Conveniently for the days after 5th November, the blogger Guido Fawkes, normally one for hot-off-the-press political gossip, has written a piece about the role of the investment banks in the global financial crash, prompted by his having read the excellent and chilling “The Big Short” by Michael Lewis. Anyone wanting to understand the limitless greed and stupidity which brought the financial world to a halt should read Mr Lewis’ book.

Dealing with investment bankers, Guido, as a former investment banker himself, points out when the rot set in at the major institutions. He describes one of the problems as the fact “that investment banks were no longer partnerships; they were publicly listed companies, with shareholders who were not involved in day-to-day management. This has proved to be a disastrous form of capitalism, with owners who don’t know what the managers of their money are doing.

Investment banking, till the early 1980’s, was carried out by partnerships made up of investment bankers. The capital in the firms, and the risks, were both the responsibility of the partners. As Guido says “the oldest and most experienced partners tended to have the most capital in the firm. This had a risk management effect greater than any Nobel Prize winning computer-calculated risk model, the old guy with the grey hair stood to lose everything when some testosterone charged 27 year-old trader bet the firm’s capital … The bosses’ desire to keep their retirement pots concentrated their minds”.

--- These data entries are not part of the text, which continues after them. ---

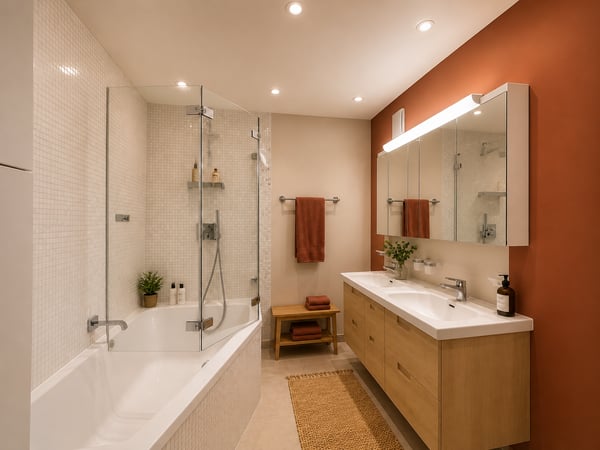 Superbe appartement traversant 4 pièces au coeur de Meyrin Village 7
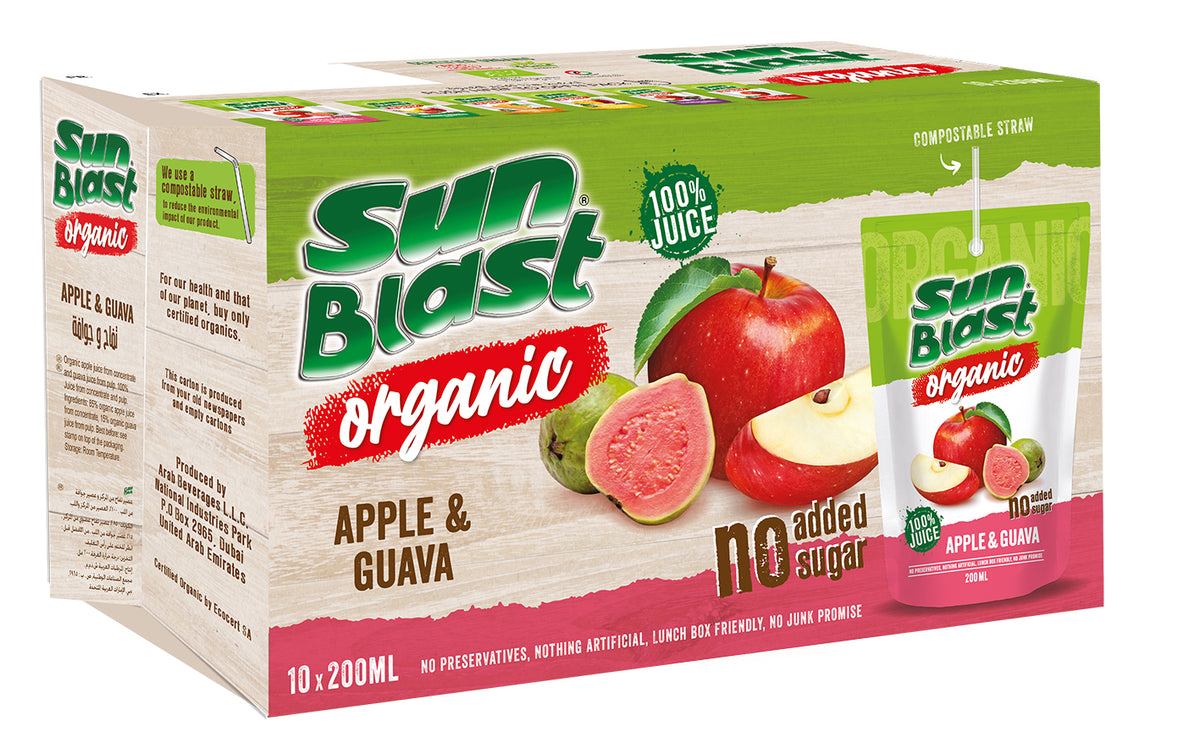 Organic Apple Guava Juice Sunblast (200ML)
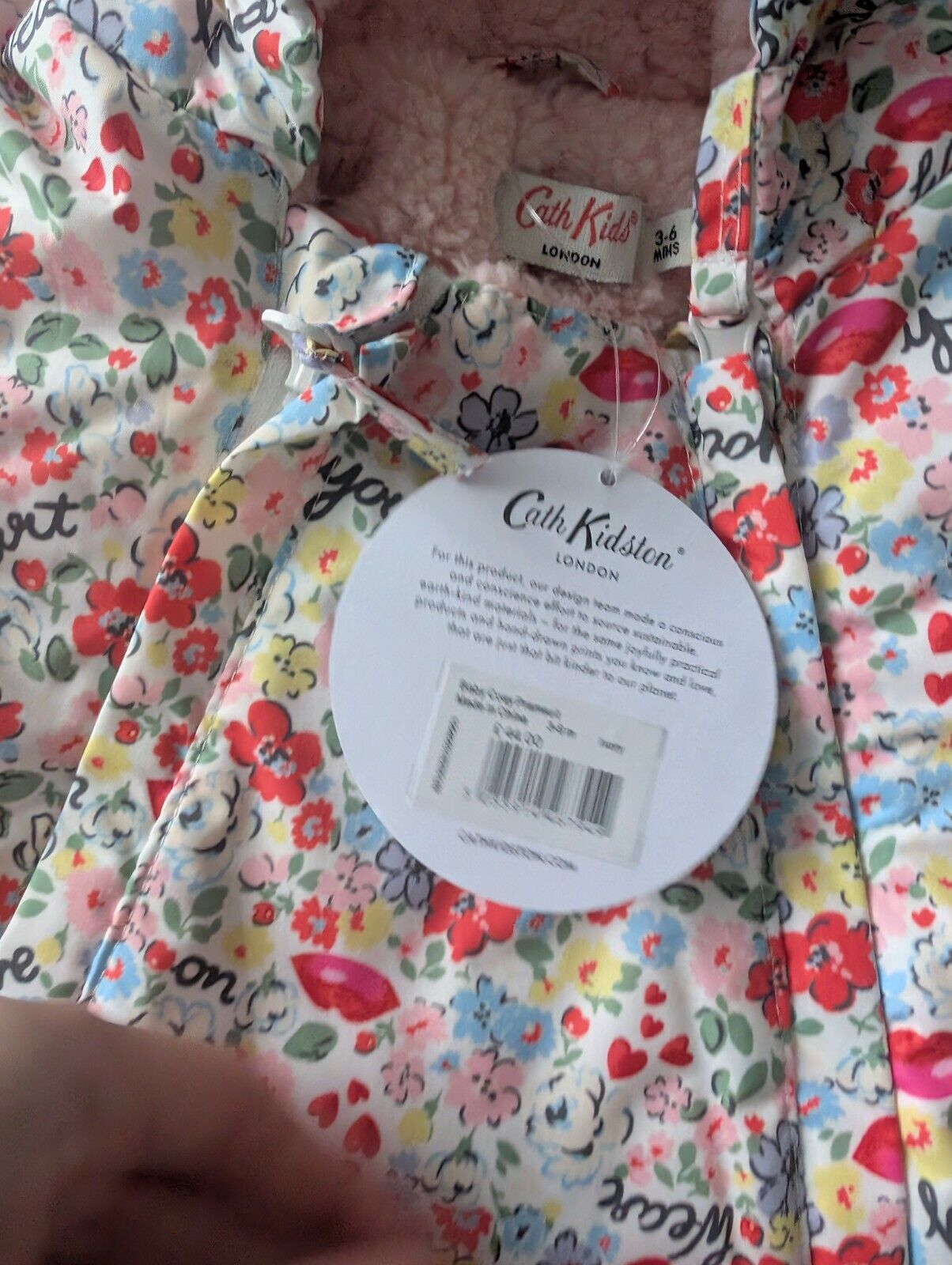 BNWT Cath Kidston Floral Wintsr Pram Suit 3-6 Months RRP £44 Gorgeous Gift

Stock market listing, and external ownership, such as that brought in by the Big Bang during the Thatcher years lead to a situation where the providers of the capital, and therefore those bearing the risk, were no longer in any control of that risk. Is it a coincidence that Collateralised Debt Obligations and the rest of the alphabet soup which made up the speculative “investments” at the root of the crash were financial instruments dreamed up by the corporate whizz kids on massive salaries, but who stood only to lose their jobs if they got it wrong, rather than everything they owned?

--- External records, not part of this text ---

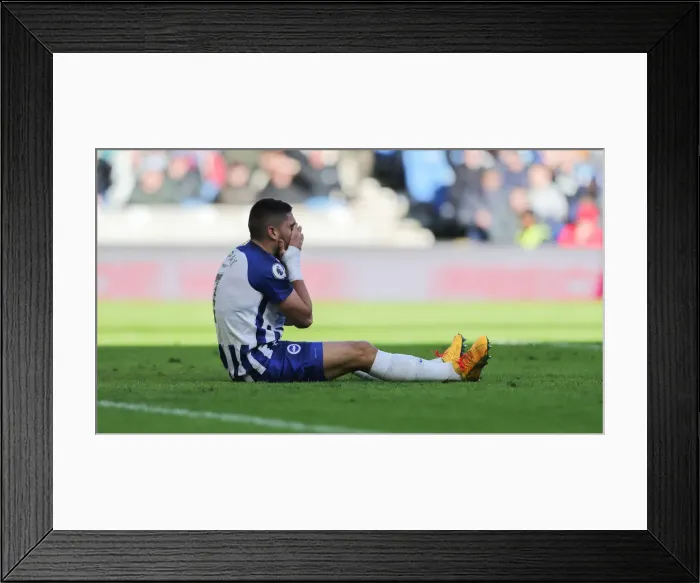 Framed Print : Brighton and Hove Albion vs. Crystal Palace: A Premier League Showdown at American Express Community Stadium (February 29, 2020) Framed Print : Brighton and Hove Albion vs. Crystal Palace: A Premier League Showdown at American Express Community Stadium (February 29, 2020)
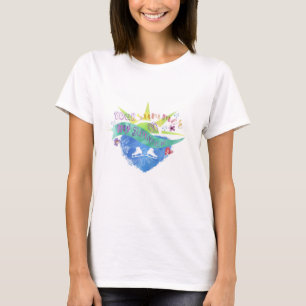 La vie d'été pour un T-shirt de patineur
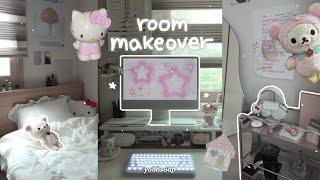 [SUB] aesthetic room makeover: pink desk setup · IKEA shopping · room tour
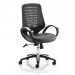 Sprint Task Operator Chair Leather Seat Black Back With Arms OP000123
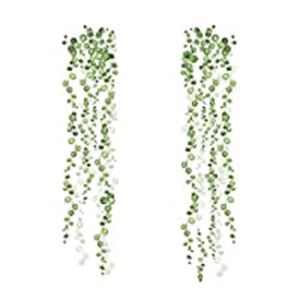 RoomMates RMK3903SCS String of Pearls Succulent Vine Peel and Stick Wall Decals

As Guido says “There is nothing moral in asymmetric markets where the risks are borne by others than those taking the risks.

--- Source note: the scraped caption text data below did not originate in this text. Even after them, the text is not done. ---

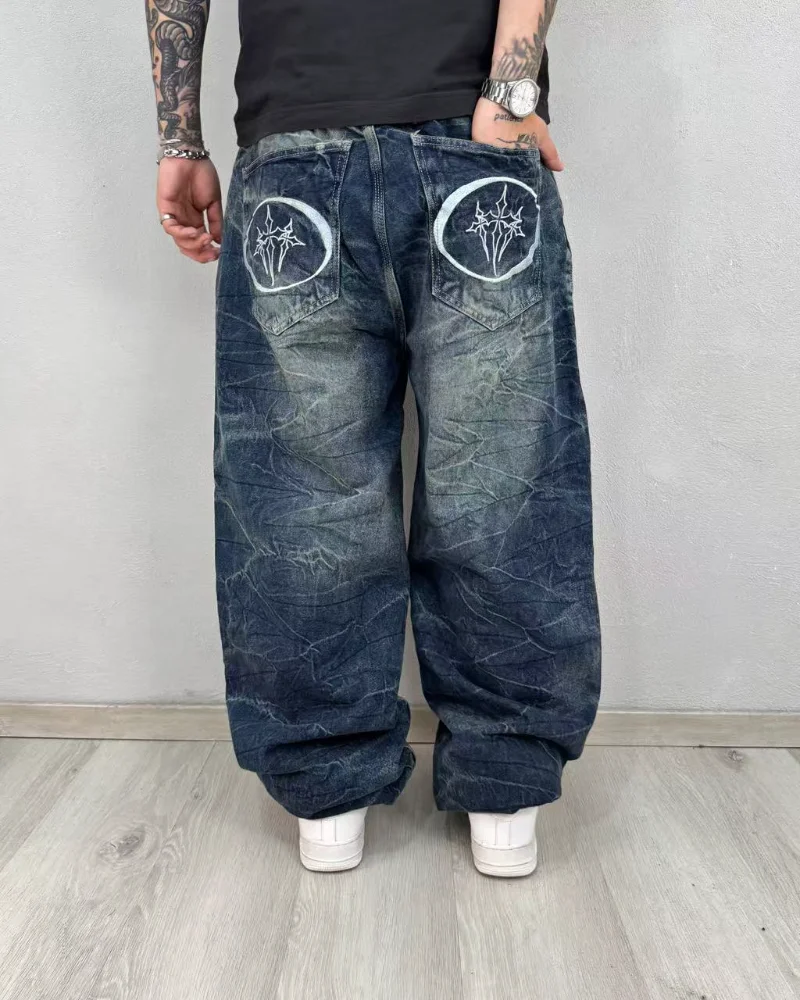 2025 new vintage wash popular men jeans American personality trend hip hop wide leg pants couples oversized casual loose jeans
2025 new vintage wash popular men jeans American personality trend hip hop wide leg pants couples oversized casual loose jeans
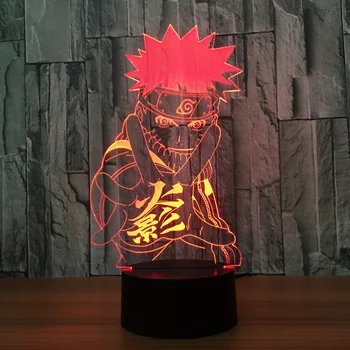Naruto Anime 3D Night Light Creative Electric Illusion 3d Lamp LED 7 Color changing USB touch Desk Lamp For Kid's Gift
Naruto Anime 3D Night Light Creative Electric Illusion 3d Lamp LED 7 Color changing USB touch Desk Lamp For Kid's Gift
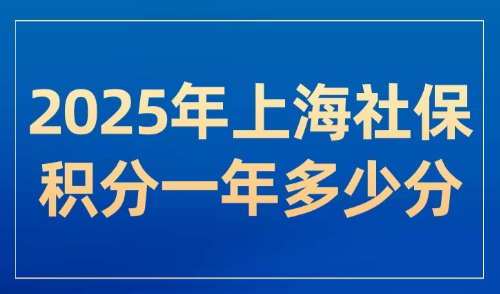 上海社保缴费比例一览：2025年上海社保积分一年多少分？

The Scottish legal profession faces an imminent and huge upheaval. As Mr Lafferty says, “The threat…is that the high street legal market will get hoovered up like the high street optical market has been, in which 80 per cent of the trade is owned by a tiny number of brand names.” As a profession, solicitors “need to be sales-savvy, market-alert, entrepreneurial” to avoid “having to watch as companies with increasingly bizarre names and brands try to elbow their less-qualified way into the market place.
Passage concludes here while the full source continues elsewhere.